After passing the symbolic €10 million sales mark and hiring its 100th employee, Famoco, France’s leading provider of secure professional devices, is positioned for growth and is opening its first office in Africa – in Abidjan, Ivory Coast. This fifth international opening marks the company’s plans for rapid expansion, particularly in Africa, to be closer to clients, including Orange, to provide them with the best possible service. The company also recently appointed a permanent representative in East Africa, in Nairobi, Kenya, and plans to attend the ID4Africa Annual Meeting in Nigeria from April 24th to 26th.
With the opening of an office in Ivory Coast to cover the African continent, Famoco is pursuing its international development strategy to increase client contact opportunities, monitor projects already in progress and launch new ones. The new office will be managed by Olivier Cechura, General Manager Africa. Former marketing director and African business ecosystem specialist, he was among the first to believe in Famoco’s vision and helped its founders set up the company. This appointment underlines the strategic importance of Africa for the start-up.
In addition, Famoco will be taking part in the ID4Africa Annual Meeting in Abuja, Nigeria, from April 24th to 26th, 2018. IDF4Africa is a tripartite movement with representation from governments, development agencies and industry, focused on identity management matters relevant to Africa. Its annual meeting attended by the authorities, agencies, service providers and experts, is an opportunity for the movement to define the electronic identity development agenda to further the economic and social development in their countries.
A continent digitizing its services
Africa is the continent most affected by banking exclusion. According to World Bank data, in Africa, 66% of adults do not have a bank account. As a result, it is also the continent where digital financial services have grown at the fastest pace. In fact, given the spike in the number of mobile telephone and internet subscribers, entire swathes of the economy will also be affected by the digitization of services, fueling demand for digital security and ID solutions on the African continent.
Major digitization role in West Africa for Famoco
The French start-up’s solutions serve as dedicated professional devices for Orange’s solution, Orange Money, in some 10 African countries, including Ivory Coast, Guinea, Madagascar, Mali, Morocco, Senegal and Tunisia.
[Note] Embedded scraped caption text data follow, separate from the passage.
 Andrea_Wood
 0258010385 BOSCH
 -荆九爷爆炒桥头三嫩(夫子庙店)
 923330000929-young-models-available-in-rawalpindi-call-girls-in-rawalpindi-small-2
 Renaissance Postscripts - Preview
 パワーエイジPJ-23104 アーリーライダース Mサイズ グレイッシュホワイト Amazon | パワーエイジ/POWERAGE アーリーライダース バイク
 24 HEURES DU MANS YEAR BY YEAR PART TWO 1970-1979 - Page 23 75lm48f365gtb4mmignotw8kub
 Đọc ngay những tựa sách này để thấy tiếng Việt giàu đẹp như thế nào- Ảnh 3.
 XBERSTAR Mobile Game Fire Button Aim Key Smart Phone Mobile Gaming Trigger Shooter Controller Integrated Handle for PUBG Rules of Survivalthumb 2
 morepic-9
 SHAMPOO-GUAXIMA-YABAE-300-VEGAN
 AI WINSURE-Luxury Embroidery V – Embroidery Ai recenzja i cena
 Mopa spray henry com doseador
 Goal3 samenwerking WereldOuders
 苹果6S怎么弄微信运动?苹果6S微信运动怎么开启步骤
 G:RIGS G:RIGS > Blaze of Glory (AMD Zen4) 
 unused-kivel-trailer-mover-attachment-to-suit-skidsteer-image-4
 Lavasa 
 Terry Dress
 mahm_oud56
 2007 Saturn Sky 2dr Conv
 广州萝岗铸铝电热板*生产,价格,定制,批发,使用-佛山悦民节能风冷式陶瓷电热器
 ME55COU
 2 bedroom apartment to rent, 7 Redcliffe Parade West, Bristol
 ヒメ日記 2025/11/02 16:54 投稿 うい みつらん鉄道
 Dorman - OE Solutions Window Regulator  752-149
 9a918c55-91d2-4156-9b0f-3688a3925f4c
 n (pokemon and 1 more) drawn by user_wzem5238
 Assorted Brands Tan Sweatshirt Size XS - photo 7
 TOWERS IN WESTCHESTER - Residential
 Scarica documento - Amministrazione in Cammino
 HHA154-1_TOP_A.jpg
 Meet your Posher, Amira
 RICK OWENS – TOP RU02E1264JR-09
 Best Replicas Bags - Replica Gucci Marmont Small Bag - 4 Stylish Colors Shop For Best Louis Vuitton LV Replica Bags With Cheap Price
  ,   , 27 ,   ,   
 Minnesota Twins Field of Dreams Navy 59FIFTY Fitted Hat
This service allows 29 million Orange customers to open an account and send money to friends and relatives through tens of thousands of distributors.
The work with Orange in Africa includes equipping its network of agents, particularly in Cameroon, Ivory Coast, Senegal and the Democratic Republic of Congo, with secure devices to sell Orange Services directly on the street. Indeed, in these parts of Africa, the majority of smartphone and SIM card sales are not made in physical shops, but on the street by small traders. To improve the effectiveness of Orange’s distribution network, reduce fraud, theft and data loss, Orange has chosen the Famoco solution to equip its teams in the field and use KYC (“Know Your Customer”) to better understand its customers.
Famoco: emerging player in East Africa
On the other side of Africa, Famoco’s representative in Kenya will develop projects in East Africa and oversee its work with the UN.
In fact, Famoco helps to improve the tracking of some 8 million food assistance beneficiaries. In practical terms, Famoco supplies vulnerable people with personalized and secure food assistance cards to redeem their allowances. The cards are accepted by merchants equipped with dedicated readers and can be used to buy essential items such as food and hygiene and first aid products. A fully secure system, the card prevents people from buying weapons, cigarettes and alcohol. Annual monitoring costs have been cut by 74%, crime reduced and the growth of the informal economy stopped. Furthermore, the savings made have allowed for a 17% rise in the number of people eligible for the program.
 According to the Global Findex, a World Bank Group database, in Africa, 66% adults do not have a bank account, compared with 86% in the Middle East, 54% in South Asia, 49% in Latin America, and 31% Southeast Asia (2014 data).